Lediglich bis zu 7% des weltweit produzierten Aluminiums werden zur Herstellung von Dosen verwendet.4 Die Herstellung von Primäraluminium war und ist sehr energieintensiv – vor allem in China. Dort wird mehr als die Hälfte des weltweiten Primäraluminiums produziert und dabei werden etwa 20 kg CO₂ je Kilogramm Aluminium in die Umwelt emittiert. In Europa dagegen hat die Aluminiumindustrie ihre Emissionen von Kohlenstoff aus der Primärproduktion seit 1990 um 55% pro Tonne reduziert. Man geht zudem davon aus, dass vermehrtes Recycling und die Verwendung von Strom aus erneuerbaren Energien zu einer deutlichen Absenkung der gesamten CO₂-Emissionen führen: um 58% bis 2050 im Vergleich zu 2014. Darüber hinaus verbraucht das Recycling von Getränkedosen nur 5% der Energie, die zur Herstellung von Primäraluminium verwendet wird, und emittiert vergleichsweise nur 6% der ursprünglich erzeugten Treibhausgase.5
Katrin Barz:
Warum sollte der Materialkreislauf bei Getränkedosen überhaupt geschlossen werden – sprich: Warum sollte aus einer gebrauchten Getränkedose wieder eine neue Getränkedose werden? Ist es nicht egal, in welche Anwendungen das Material nach der erstmaligen Verwendung fließt?
Stefan Schlüter:
Die Legierung der Dose, mit jeweils spezifischen Beigaben anderer Metalle dafür, eignet sich technisch gut für den Recyclingprozess. Zugleich wächst der Getränkedosenmarkt. Jede Dose, aus der wieder eine Dose hergestellt wird, vermeidet den Einsatz von Primäraluminium, welches aus dem Rohstoff Bauxit bzw. dessen Raffinat Aluminiumoxid gewonnen werden muss – und durch die gleiche Legierung geschieht das Recycling ohne viel Auflegieren. Das bedeutet weniger Aufwand, gut für die Versorgungskette und für die Umwelt. Es ist aufgrund unterschiedlich zusammengesetzter Legierungen nur schwer möglich, zum Beispiel aus gebrauchter Folie eine Dose herzustellen. Für einen geschlossenen Kreislauf, die „Closed Loop“, ist das nicht egal. Was Anlagen wie die UBC-Linie in Neuss ermöglichen, sortenreines Recycling von Dose zu Dose, ist ein Kreislauf in höchster Effizienz.
Katrin Barz:
Ein Kritikpunkt an der Produktion von Getränkedosen ist häufig der hohe Energieaufwand. Inwiefern kann das Dosenrecycling hier einen Beitrag leisten?
Stefan Schlüter:
Wie gesagt: Lediglich bis zu 7% des weltweit produzierten Aluminiums werden zur Herstellung von Dosen verwendet.6 Zugleich gilt die Aluminiumgetränkedose gerade aus den schon genannten Gründen als meistrecycelte Verpackungsform der Welt. Je höher wir die Recyclingquote bringen, je effizienter die Anlagen arbeiten, mit denen wir Dosen recyceln, umso kleiner wird die verbleibende Umweltlast, umso „grüner“ wird die Dose und das Aluminium dafür.
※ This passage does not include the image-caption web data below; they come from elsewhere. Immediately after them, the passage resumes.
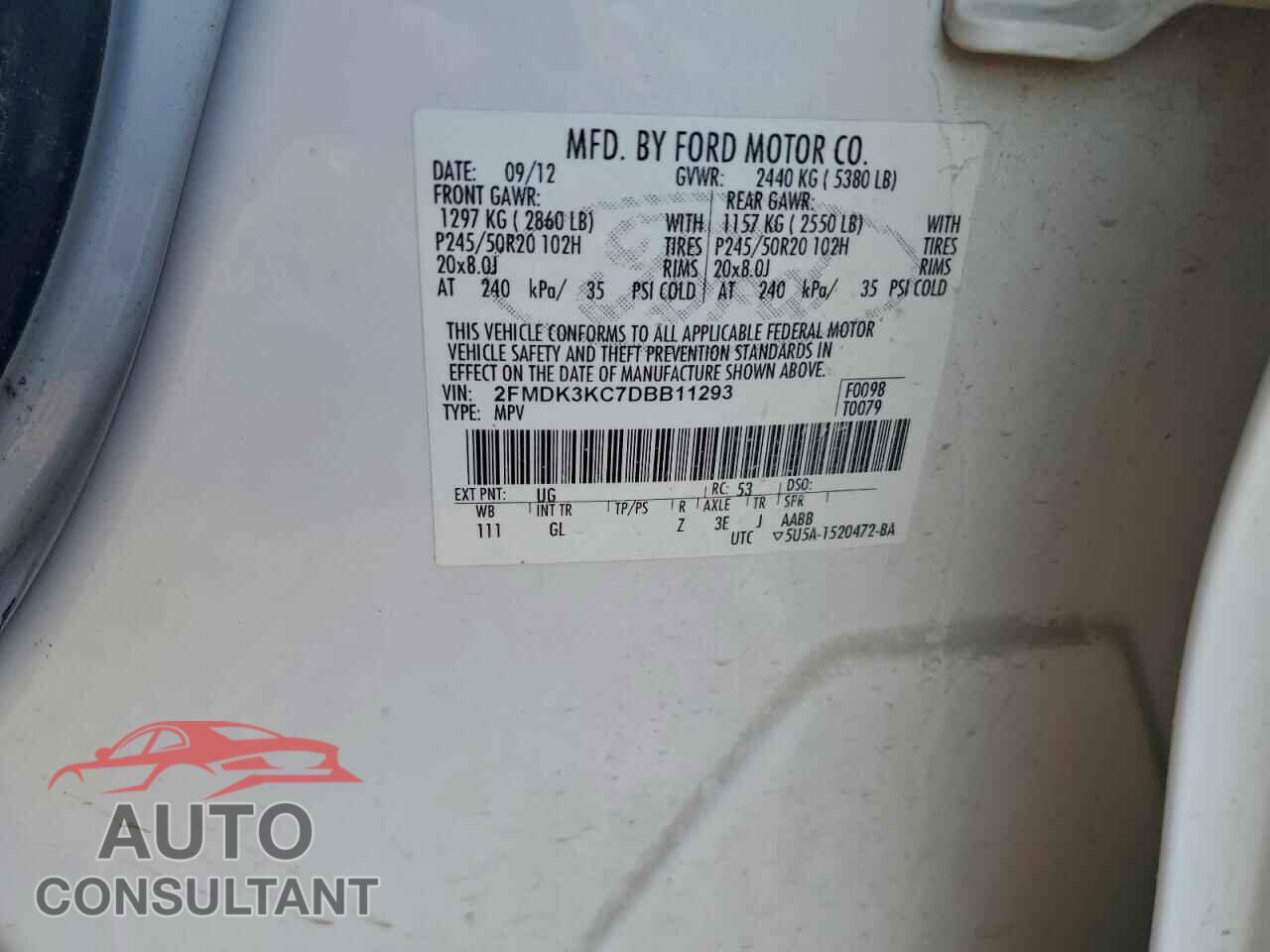 FORD EDGE 2013 - 2FMDK3KC7DBB11293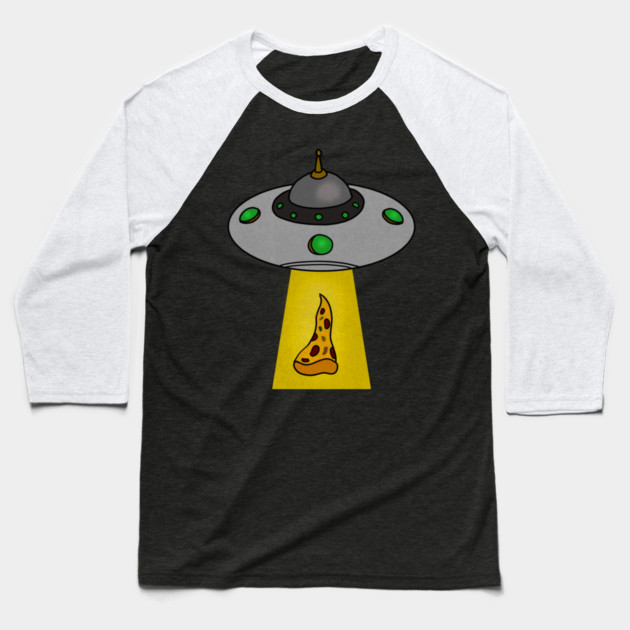 Funny Pizza Lover, UFO Beaming Baseball T-Shirt by logiamerch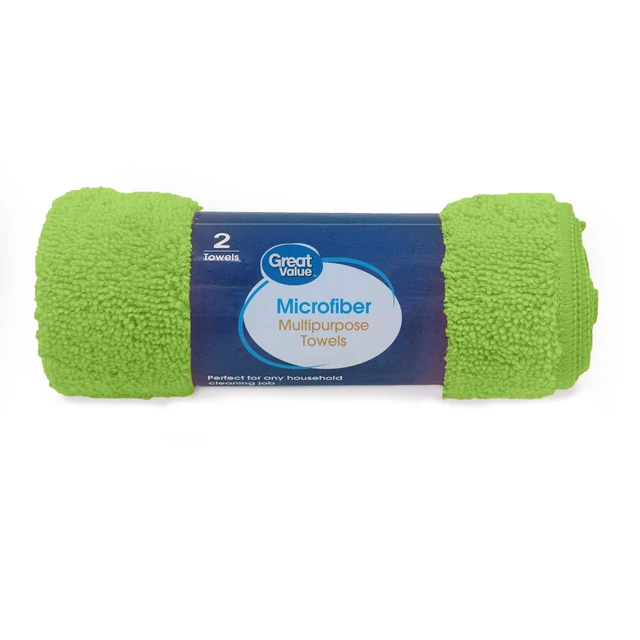 Alt view image 4 of 6 - Great Value Multipurpose Microfiber Household Cleaning Cloth, Wipe, 4 Pack, 2 Count, Multicolor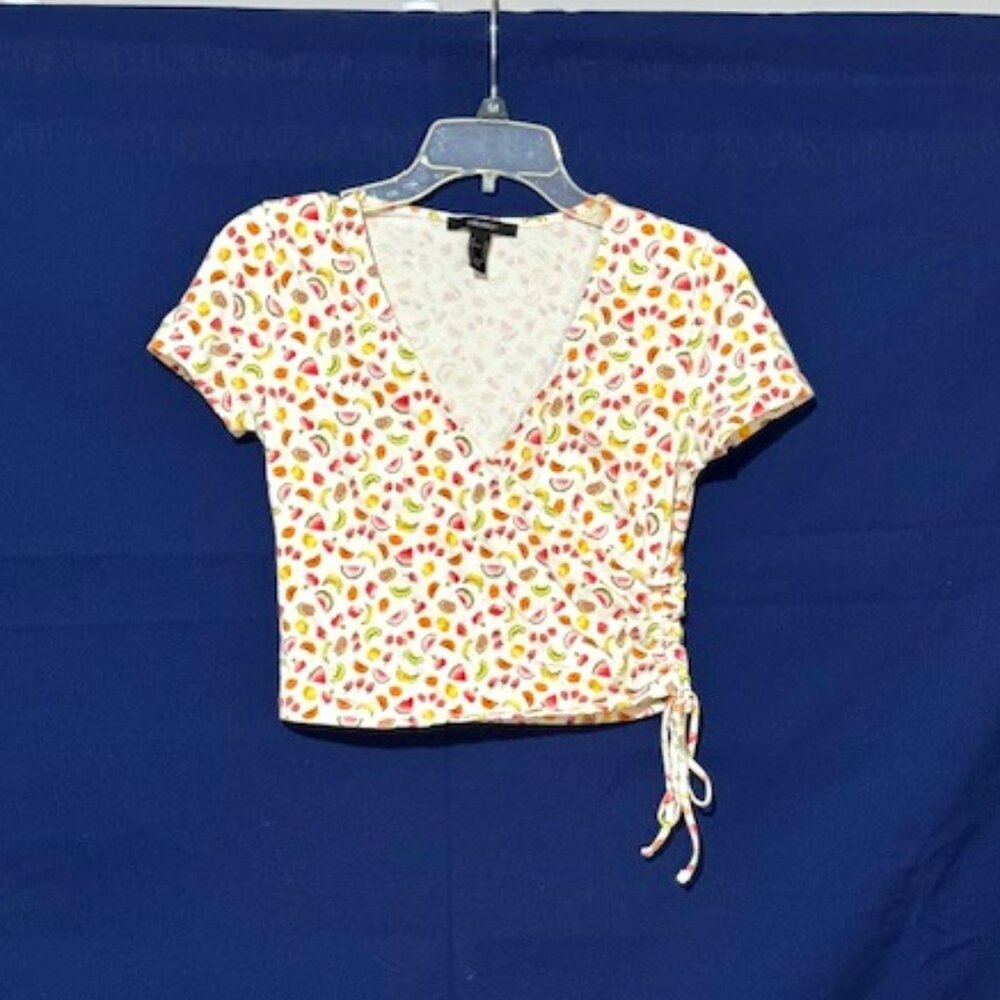 Forever 21 Fruit Salad Faux Wrap Shirt, Size S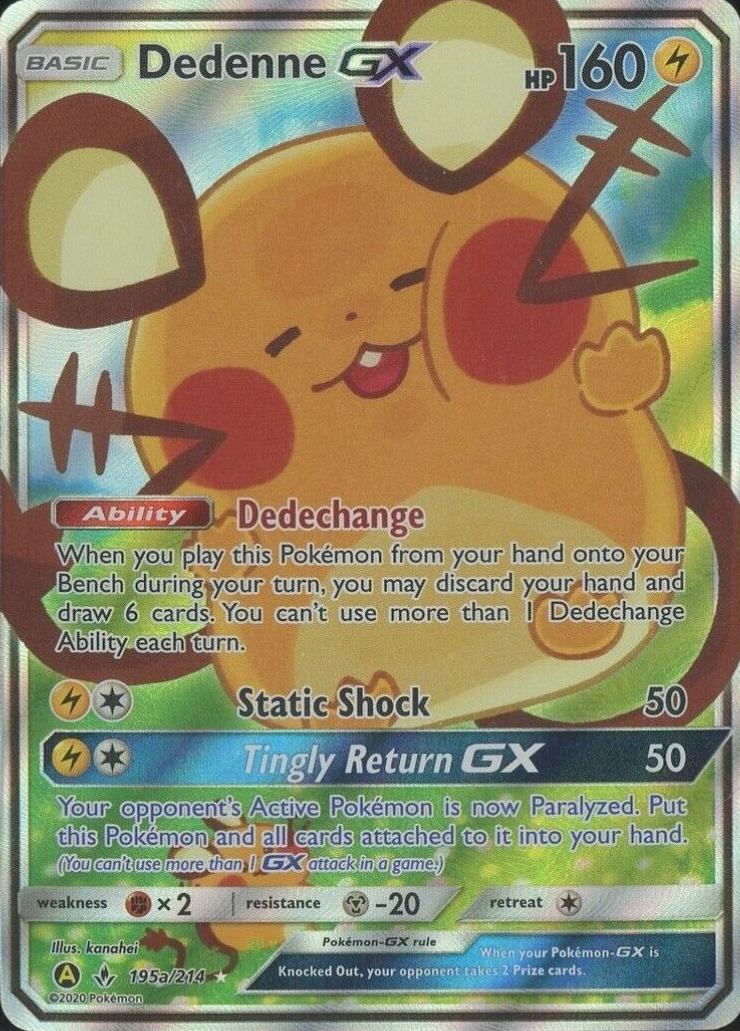 2019 Pokemon Sun & Moon Unbroken Bonds Full Art/Dedenne GX #195a TCG Card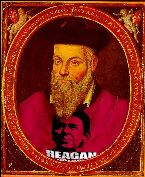 Nostradamus wearing Reagan T-shirt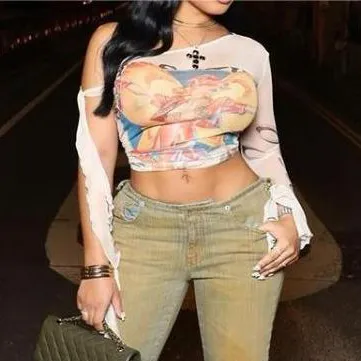 Women Fashion Sexy Digital Printed Irregular Long-Sleeve Slim-Fit Crop Top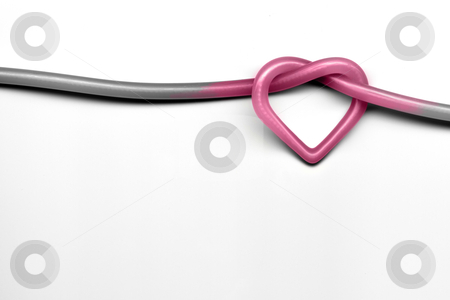 Heart knot Heart knot stock photo, pink heart knot on white background - valentine day concept by Christophe Rolland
In früheren Jahrzehnten war dieser Kreislauf noch ein schwierigeres Thema, eher Zukunftsmusik. Denn erst seit 1886 wird Aluminium in industriellem Maßstab hergestellt. Doch nun gibt es eine weit größere Grundmenge von Aluminium, das erstmals hergestellt worden ist. 75% von allem jemals erzeugten Aluminium sind aktuell in Gebrauch – und immer mehr davon kommt nach dem Nutzungszyklus zurück ins Recycling. Schon in vielen Anwendungsbereichen von Aluminium helfen Rückführungs- und Sammelsysteme, unser Metall im Kreislauf zu halten: von der Nutzung über das Recycling und die Weiterverarbeitung zur nächsten Nutzung, ohne Qualitätsverlust. Für die Dose beweisen wir das jeden Tag aufs Neue – für eine Welt, die rund läuft.
Speira stellt sich vor
Speira, das globale Aluminiumwalz- und Recyclingunternehmen mit Hauptsitz in Grevenbroich, hat sieben Produktionsstätten sowie ein Forschungs- und Entwicklungszentrum. Beim Thema Recycling gibt das Unternehmen mit Standorten in Deutschland und Norwegen alles. So zeichnen sich Alunorf, das weltweit größte Aluminiumwalzwerk, und Grevenbroich, das weltweit größte Aluminiumveredelungsbetrieb, durch innovative Technologien aus. Für das Unternehmen ist Nachhaltigkeit sehr relevant, wie bereits der Name zeigt: Speira steht für eine kreisförmige Produktion, in der sich die steten Prozesse von Verwendung und Wiederverwertung widerspiegeln.
Speira GmbH
Aluminiumstraße 1
41515 Grevenbroich
Internet: www.speira.com/
Quellenangaben
1 https://european-aluminium.eu; Metal Packaging Europe and European Aluminium (27.02.2023)
2 The Aluminum Association; The Aluminum Can Advantage Sustainability Key Performance Indicators Overview - 2021
3 www.cancentral.com/targets; Beverage Cans - Can Manufacturers Institute | Washington, DC (24.02.2023)
4 Aluminium-vs-glass-and-plastic-FINAL-Information-Sheet-1.pdf (28.02.2023)
5 European Aluminium, Environmental Profile Report, 2018/p>
6 Aluminium-vs-glass-and-plastic-FINAL-Information-Sheet-1.pdf (28.02.2023)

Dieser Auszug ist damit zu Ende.